(Beginning of DATA SECTION)
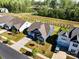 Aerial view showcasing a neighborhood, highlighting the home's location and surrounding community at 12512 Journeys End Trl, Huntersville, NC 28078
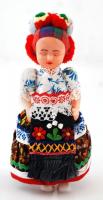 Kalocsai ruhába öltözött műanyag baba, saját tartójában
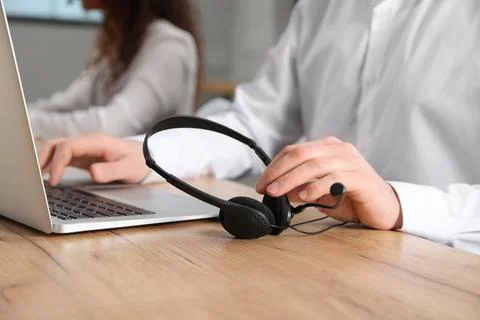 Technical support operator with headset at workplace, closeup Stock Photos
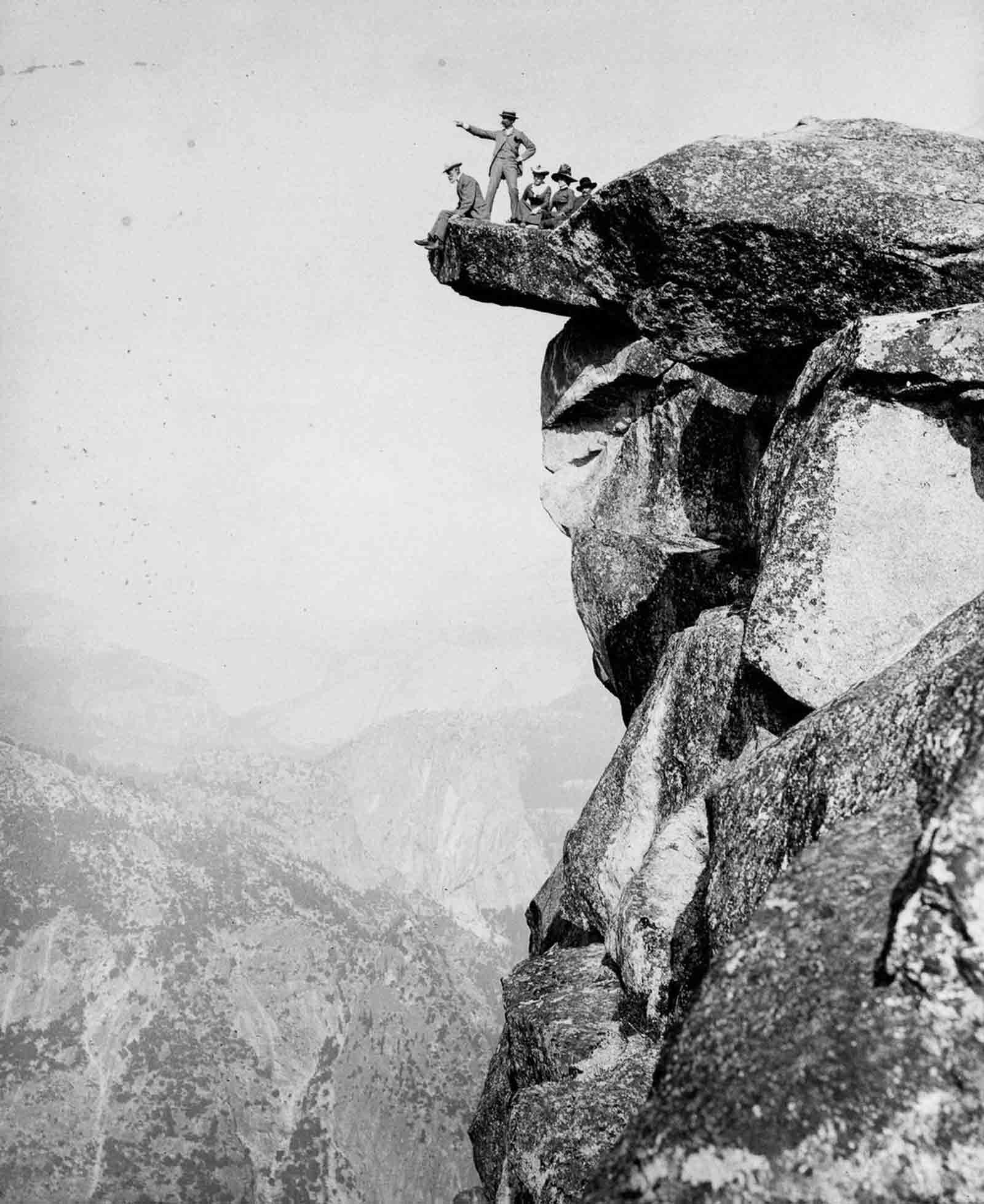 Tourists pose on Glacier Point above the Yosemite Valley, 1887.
(End of DATA SECTION)
#### EXERCISE BRIEF:
Exactly as they appear above, print all the lines, but not the pictures.

#### WRITTEN SOLUTION:
 Aerial view showcasing a neighborhood, highlighting the home's location and surrounding community at 12512 Journeys End Trl, Huntersville, NC 28078
 Kalocsai ruhába öltözött műanyag baba, saját tartójában
 Technical support operator with headset at workplace, closeup Stock Photos
 Tourists pose on Glacier Point above the Yosemite Valley, 1887.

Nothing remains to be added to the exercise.